Wednesday, September 16, 2015

Dawkins to purge those with unjustified beliefs

In this audio interview with Neil deGrasse Tyson, the leftist-atheist-evolutionist Richard Dawkins favors firing a professional who has idiosyncratic beliefs that are irrelevant to his profession:
I don't think that he should be employed in a hospital, because what you are saying about that man -- He has the kind of mind that is so adrift with reality, that even if he is a competent eye surgeon, I don't think that he could/should be trusted. [at 20:00]
I wonder how anyone would hold a job under such a standard, and how you would ever get eye surgery done. Dawkins makes it clear that he is talking about beliefs that have no bearing on the practice of eye surgery.

His main target is organized religion and other views that he considers anti-science. But, as I often post on this blog, our most brilliant professors at our most prestigious universities hold all sorts of anti-science views. And I just focus on the hard sciences like Physics. The situation is much worse in the humanities and social sciences.

To me, believing in the multiverse, or string theory, or black hole information is just as wacky as Dawkins' examples. I am tempted to add supersymmetry and quantum computing to the list.

It is the political Left that always wants to root out people for their beliefs, and purge them somehow. I am not trying to get these professors fired. I just want to determine if what they say is right or wrong.

The great majority of the public holds religious views that are not backed up by scientific findings. Jerry Coyne argues, like Dawkins, that it is all in conflict with science.
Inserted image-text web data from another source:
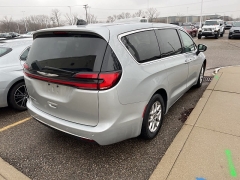 Used 2023  Chrysler Pacifica Touring L FWD at Maxx Loans near St&period; Adrian&comma; MI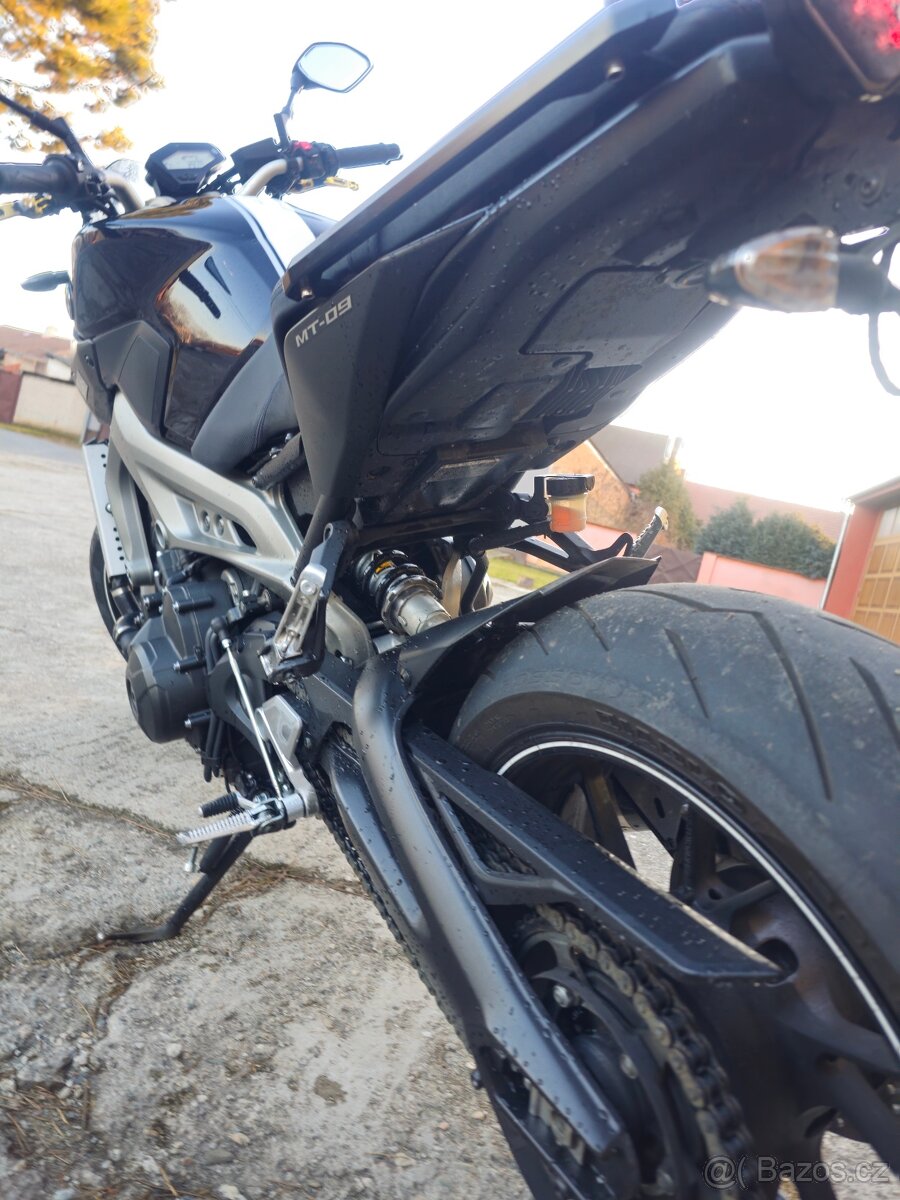 Yamaha mt09 - 5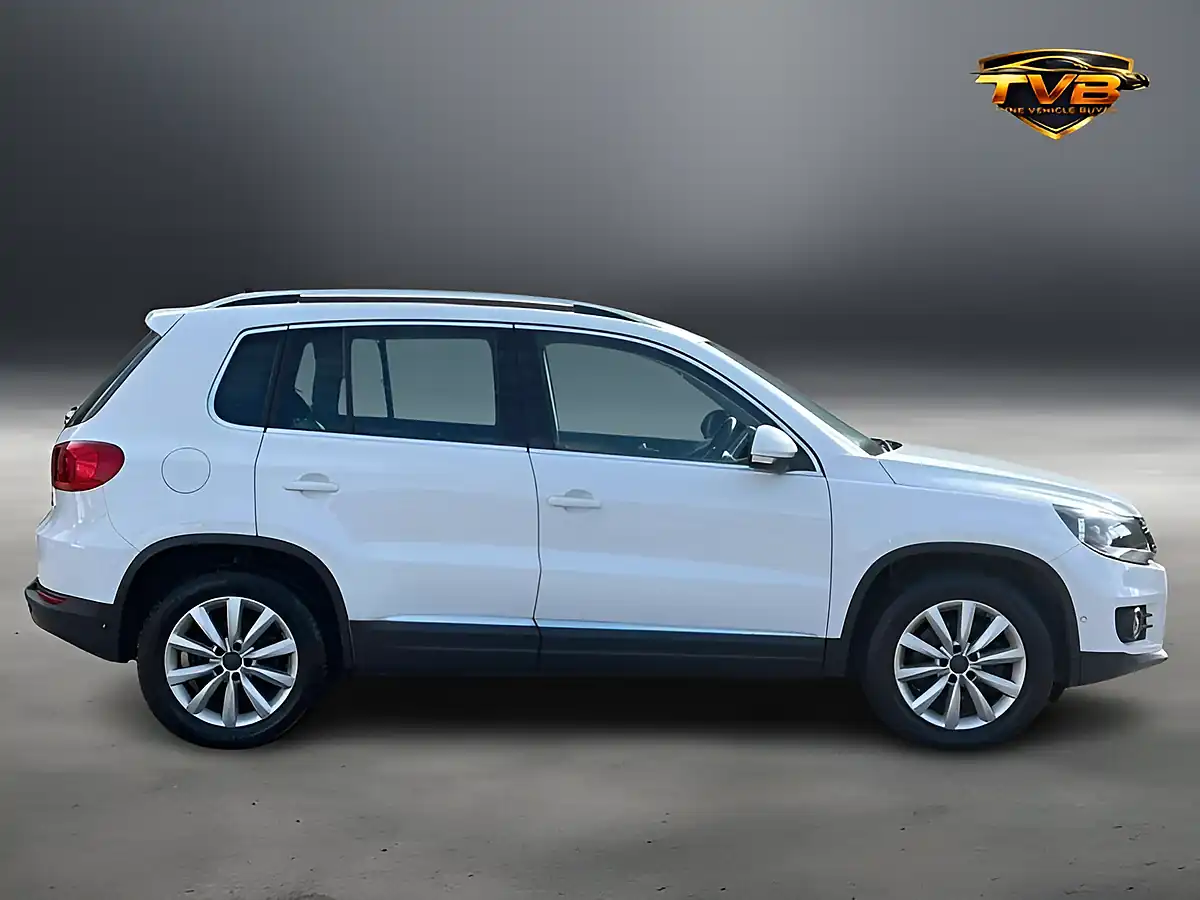Used 2015 Volkswagen Tiguan Match Pure White - Interior and Exterior details 2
See this debate with a philosopher who says that most religious
According to a new paper by Neil Van Leeuwen, religious “credence” is nothing like mundane factual belief. It has, he claims, more in common with fictional imaginings. Religious folk do not really “believe” – in the ordinary sense of the word – what they profess to believe. Like fictional imaginings, but unlike factual beliefs, religious credences are activated only within specific settings.
That is, religious belief can be like a small child with an imaginary friend. The child sometimes acts as if the friend is real, but if pressed against some concrete factual consequence, the child obviously understands that the child is not real.

1 comment:

  1. Maybe Dawkins should fire group theorists studying connections made between sporadic groups and 26-dimensional string theory. Freeman Dyson on the Monster group: "The only argument I can produce in its favor is a theological one. We have strong evidence that the creator of the universe loves symmetry, and if he loves symmetry, what lovelier symmetry could he find than the symmetry of the monster?"